# Machine Learning Engineer Nanodegree
## Capstone Proposal
Bo Liu  
May 22nd, 2018

## Proposal

### Domain Background

After centuries of intense whaling, recovering whale populations still have a hard time adapting to warming oceans and struggle to compete every day with the industrial fishing industry for food.

To aid whale conservation efforts, scientists use photo surveillance systems to monitor ocean activity. They use the shape of whales’ tails and unique markings found in footage to identify what species of whale they’re analyzing and meticulously log whale pod dynamics and movements. For the past 40 years, most of this work has been done manually by individual scientists, leaving a huge trove of data untapped and underutilized.

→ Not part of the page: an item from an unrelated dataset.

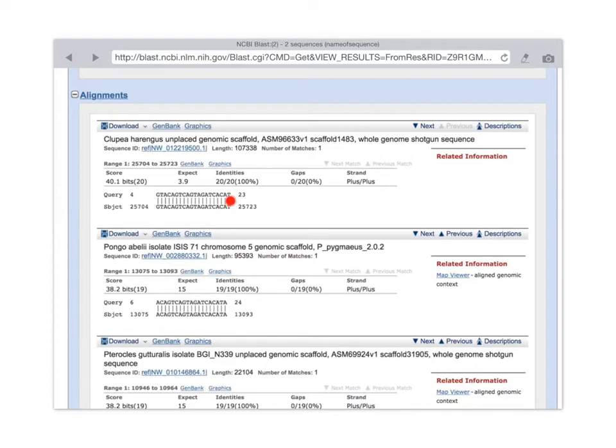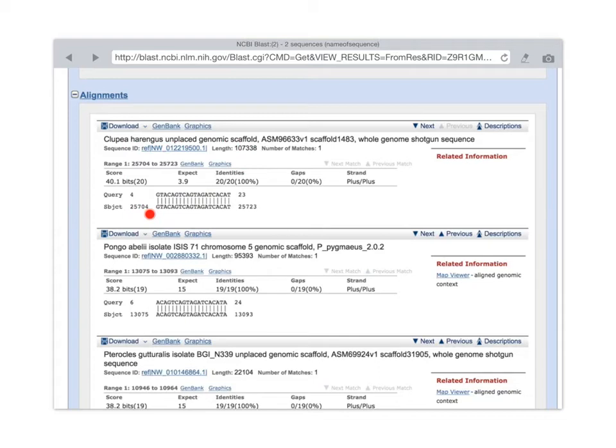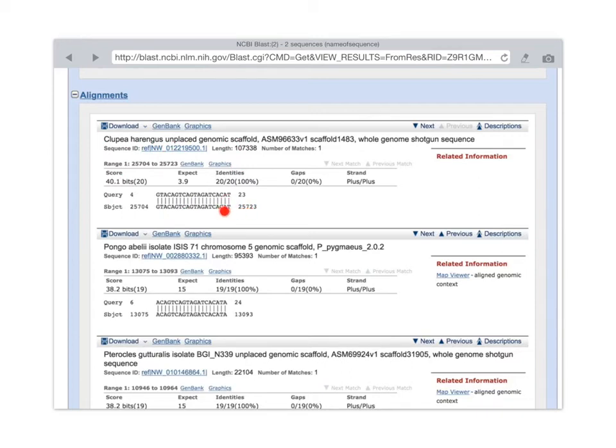And so we have query sequence matching from position 4 to position 23, or nucleotide 4 to 23, matches the subject sequence, which is, again, the Clupoea herringus genome sequence. From position 25,704, that's the position of that first G, to position 25,725,723, which is the position in the genome sequence of that last T.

The challeng is to build an algorithm to identifying whale species in images. I will analyze Happy Whale’s database of over 25,000 images, gathered from research institutions and public contributors. And I am excited to help open rich fields of understanding for marine mammal population dynamics around the globe.

Happy Whale is the organization who provid this data and problem. It is a platform that uses image process algorithms to let anyone to submit their whale photo and have it automatically identified.

### Problem Statement

We have training data contains thousands of images of humpback whale flukes. Individual whales have been identified by researchers and given an Id. The problem we are going to solve is to predict the whale Id of images in the test set. What makes this such a challenge is that there are only a few examples for each of 3,000+ whale Ids. One relevant potential solution is training a model of CNN to identify thoes whale flukes. 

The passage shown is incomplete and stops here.